▶ [Your instructions]:
Retype exactly what appears below from the line containing "Image of MENGENAL ASI EKLUSIF" down to the line containing "2023 Volkswagen Jetta Sport", keeping both end lines. Do not include pictures.

(Captioned web image data)

************

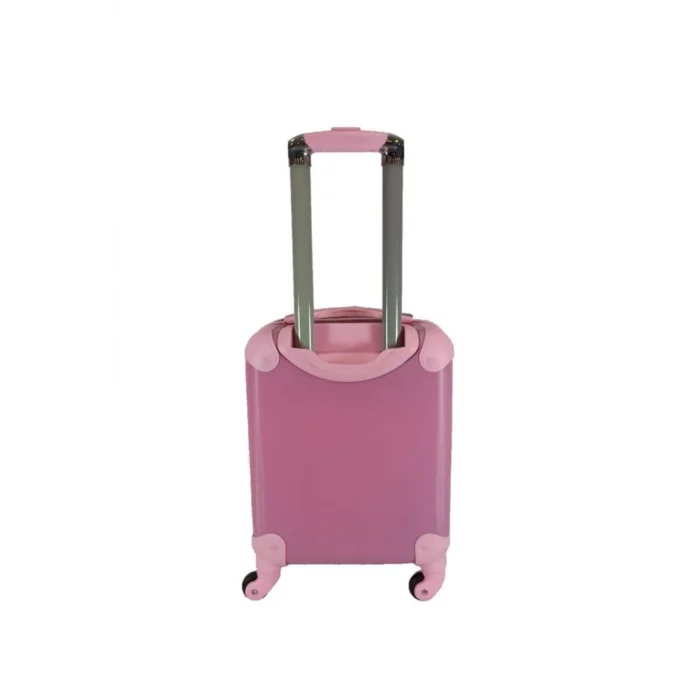 Abs Kız Çocuk Valizi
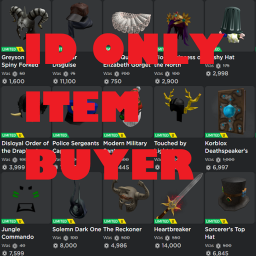 Item ID Buyer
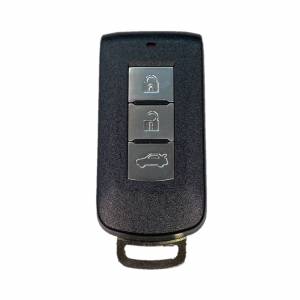 Ключ смарт MITSUBISHI Outlander/Lancer 2006 ID46 433 MHz FSK с Keyless + вставка MIT11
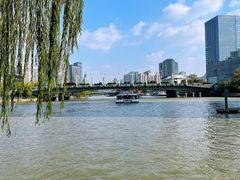 -运河游船(武林门码头)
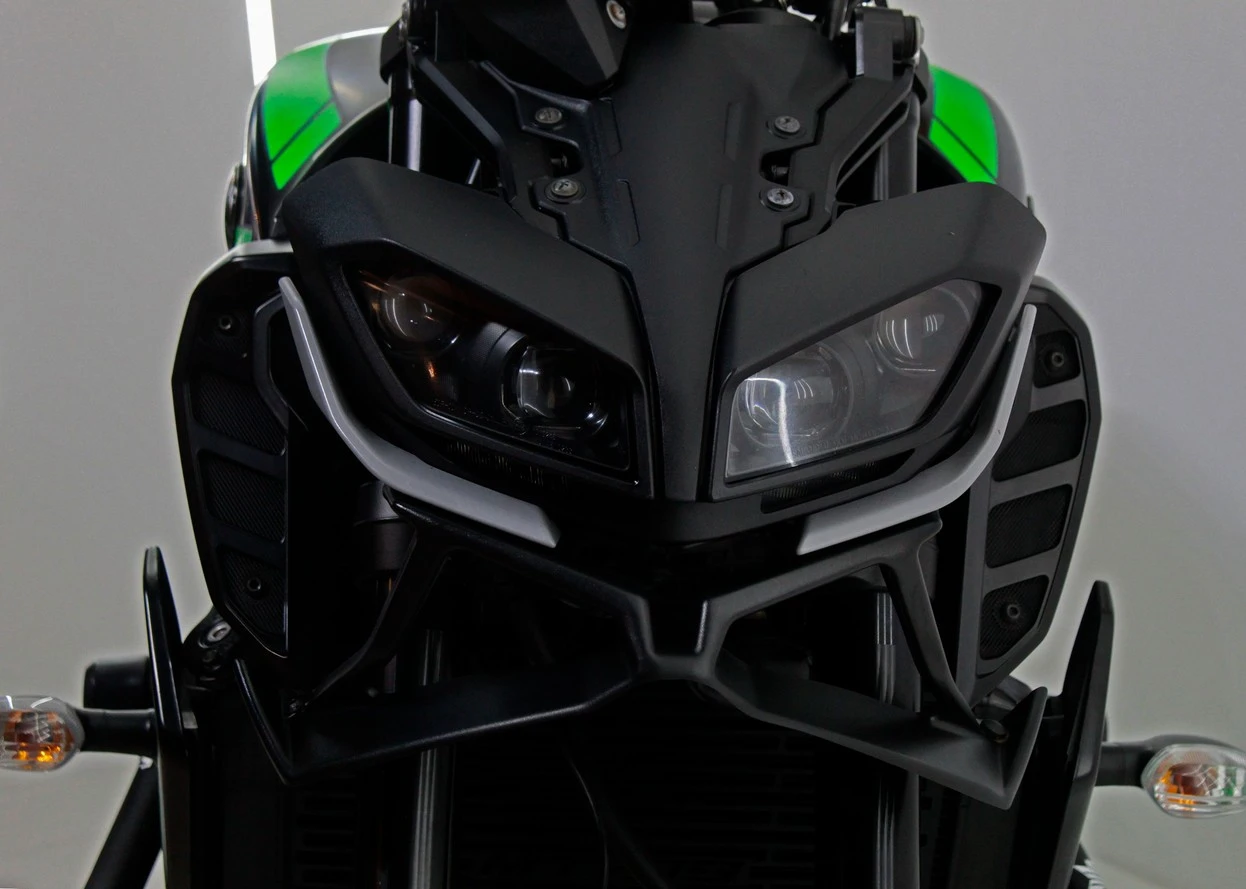 YAMAHA MT-09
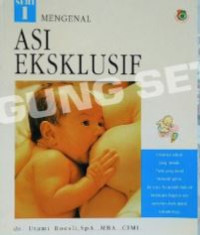 Image of MENGENAL ASI EKLUSIF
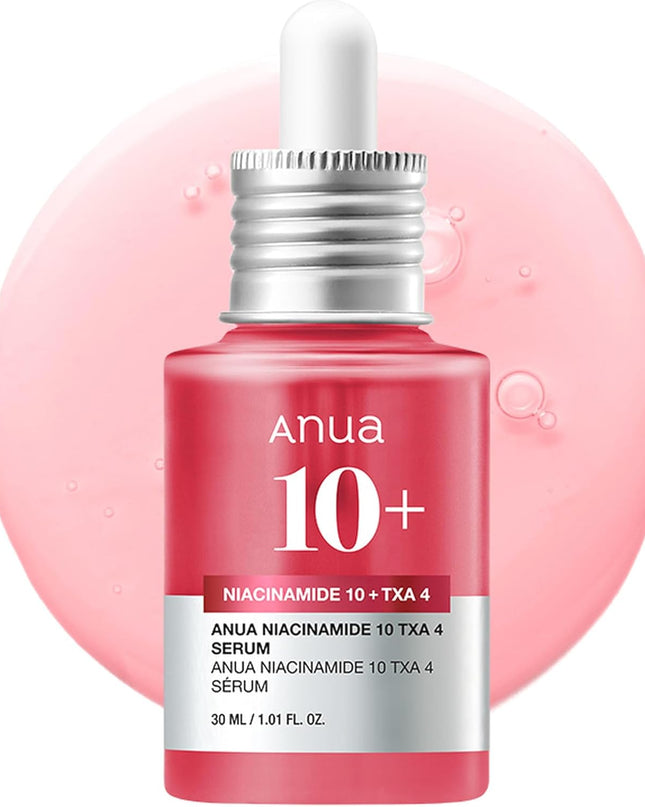 Anua Niacinamide 10% + TXA 4% Serum 30ml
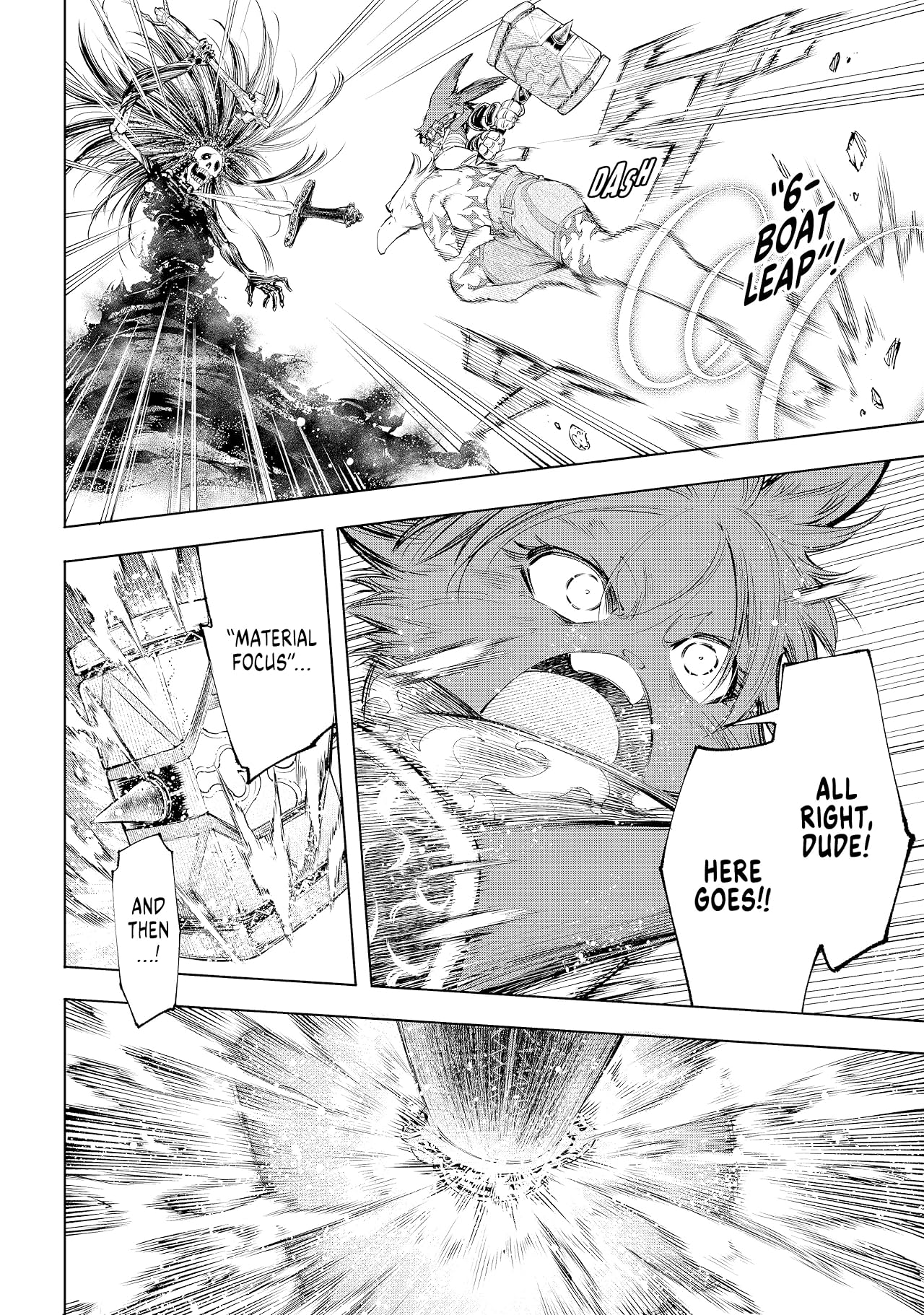 Shangri-La Frontier #54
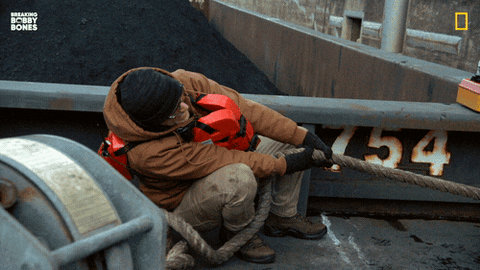 Bobbybones GIF by National Geographic Channel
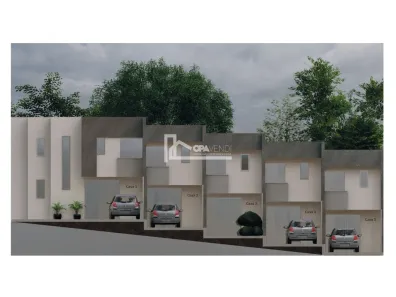 Casa com 2 Quartos à venda, 99m² no Planalto, Belo Horizonte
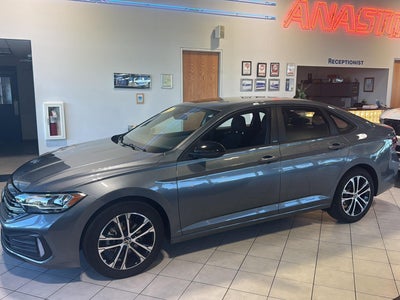 2023 Volkswagen Jetta Sport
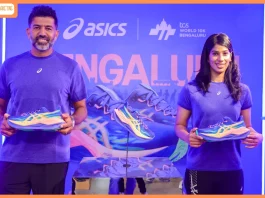 ASICS Brings High-Energy Performance to Bengaluru Ahead of TCS World 10K 2026 with SUPERBLAST™ 3 Launch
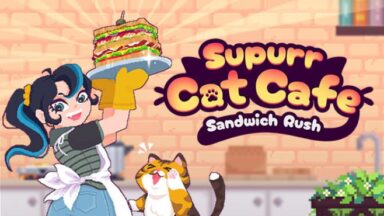 Featured Supurr Cat Cafe Sandwich Rush Free Download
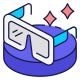 Metaverse icon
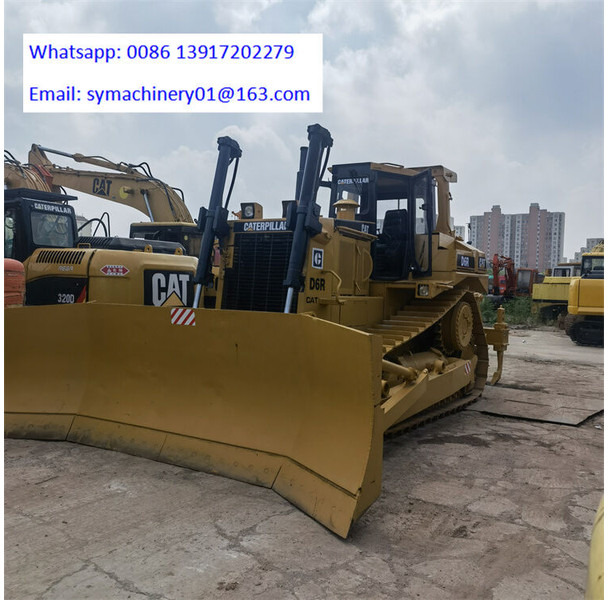 Caterpillar D6R - Bulldozer: afbeelding 4 Caterpillar D6R - Bulldozer: afbeelding 4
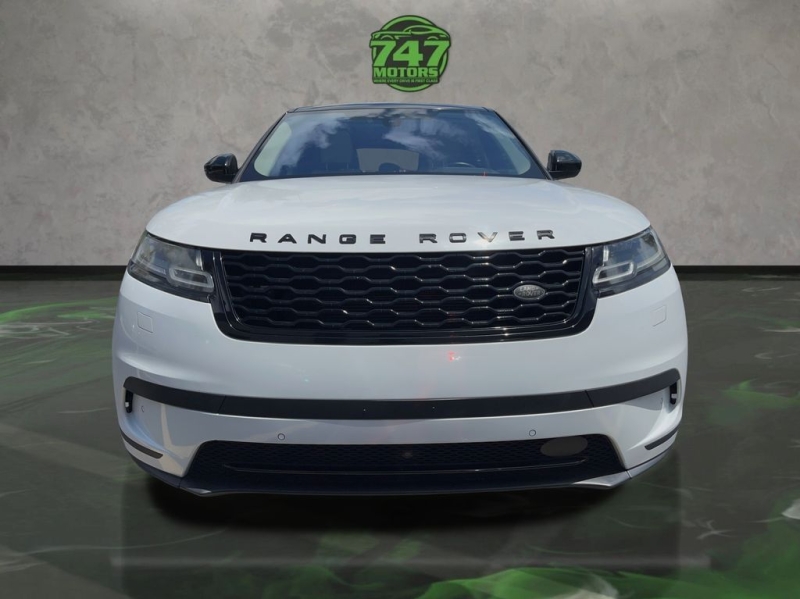 2019 Land Rover Range Rover Velar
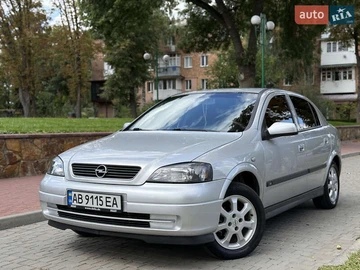 Авто Opel Astra 2004 № 7955856
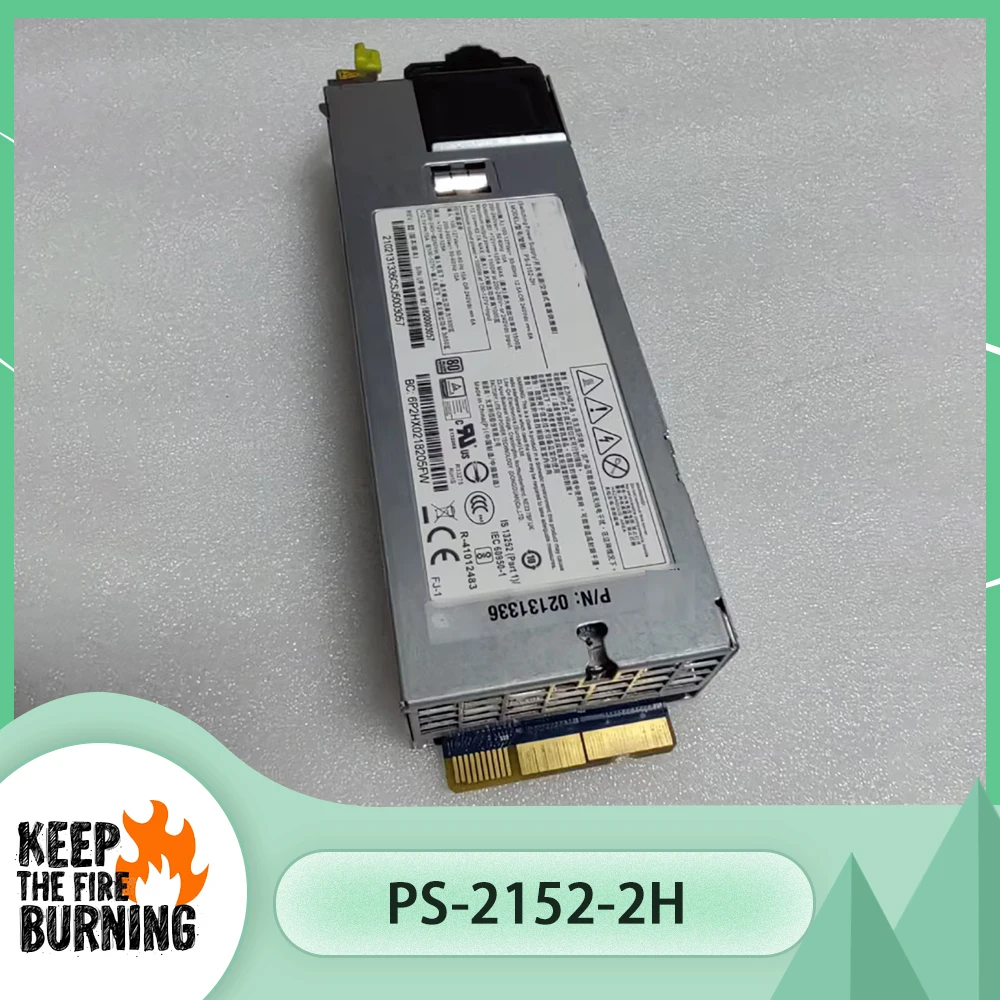 PS-2152-2H Platinum AC Power Module 1500W
PS-2152-2H Platinum AC Power Module 1500W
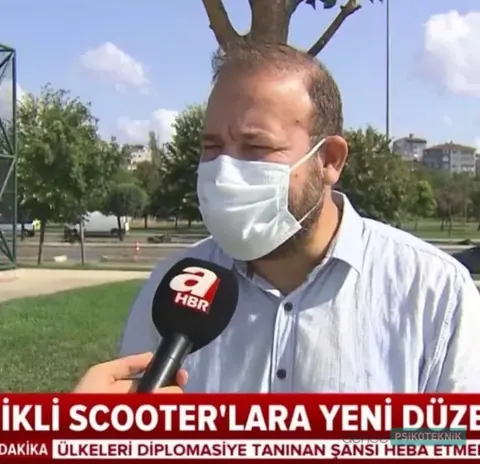 Çetin Büyükçınar, A Haber yayınında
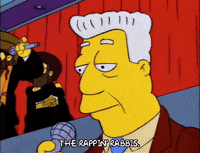 season 6 the rappin rabbis GIF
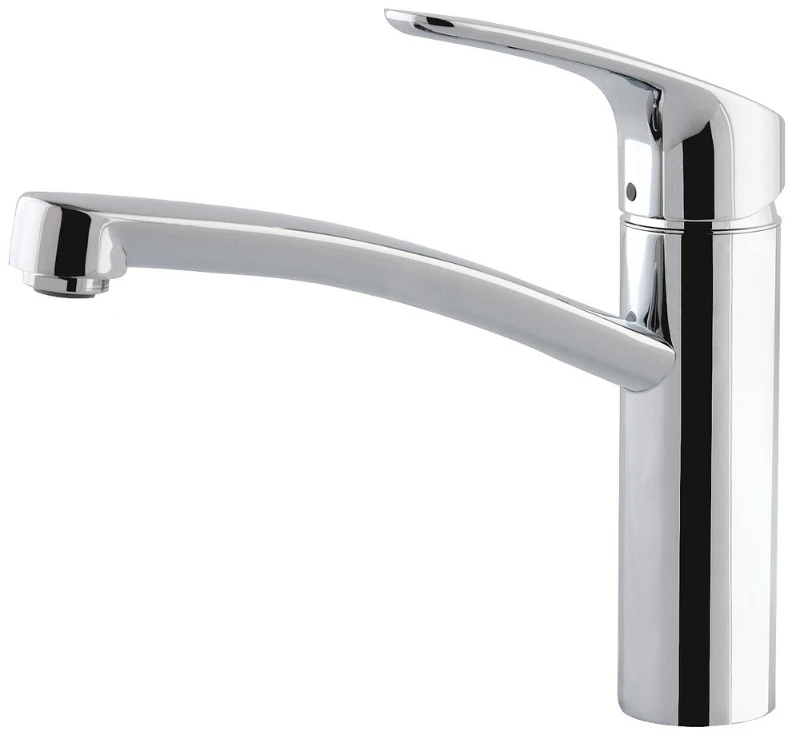 Virtuvinis maišytuvas Hansgrohe Focus 31806000, chromuotas.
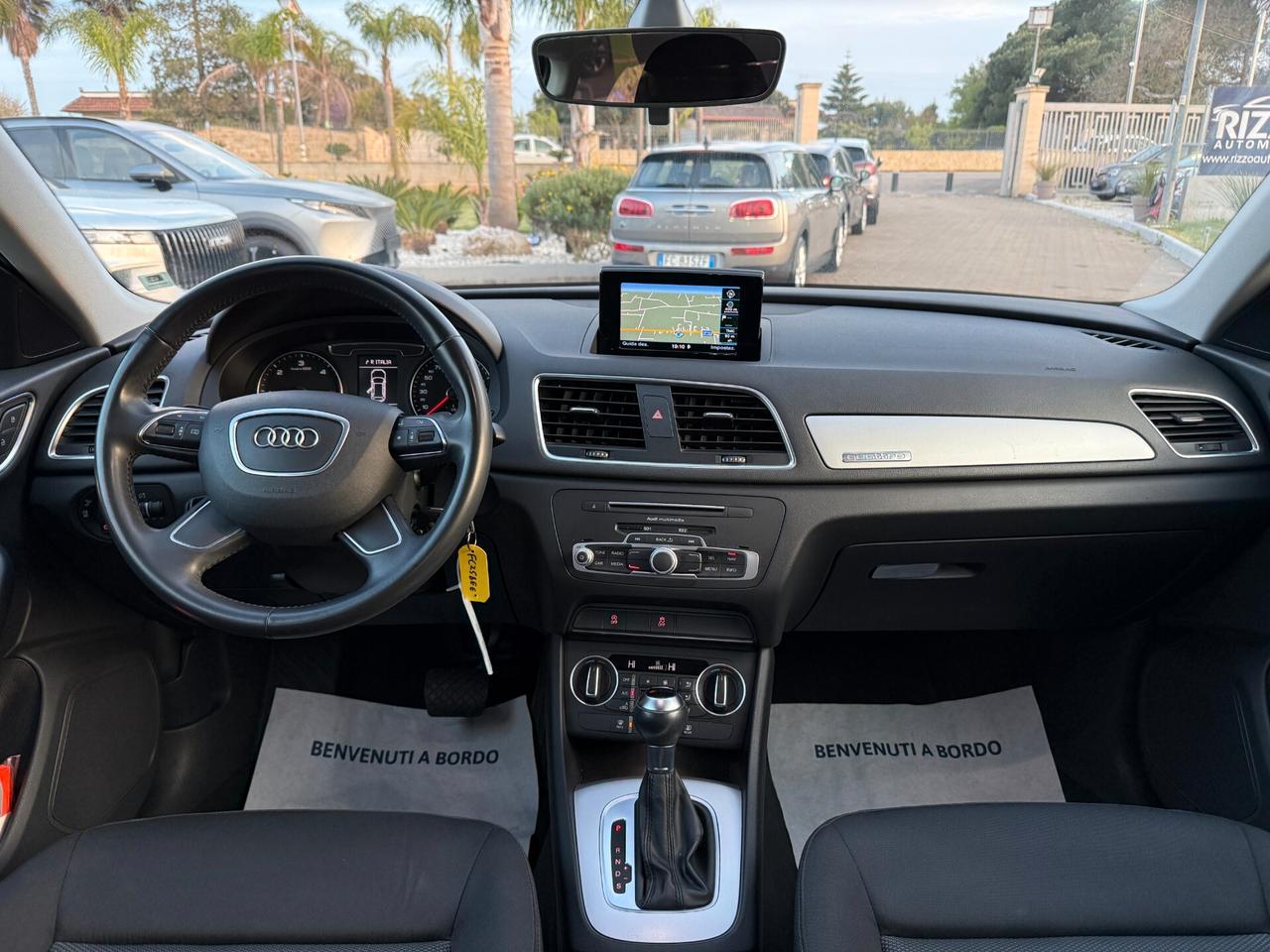 AUDI Q3 2.0 TDI 150CV QUATTRO S-TRONIC SPORT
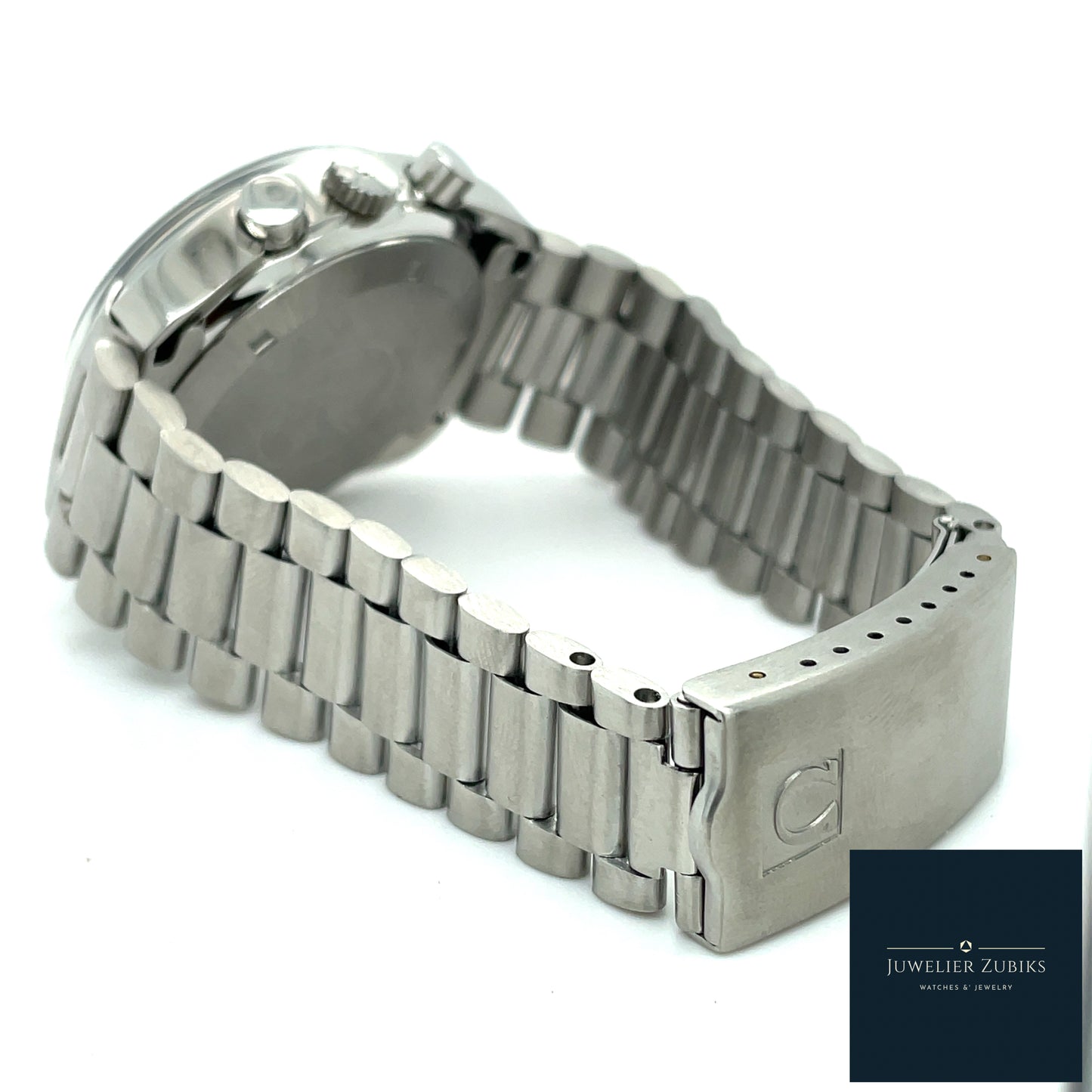 Omega Seamaster Jedi Türkis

************

▶ [Written answer]:
 Image of MENGENAL ASI EKLUSIF
 Anua Niacinamide 10% + TXA 4% Serum 30ml
 Shangri-La Frontier #54
 Bobbybones GIF by National Geographic Channel
 Casa com 2 Quartos à venda, 99m² no Planalto, Belo Horizonte
 2023 Volkswagen Jetta Sport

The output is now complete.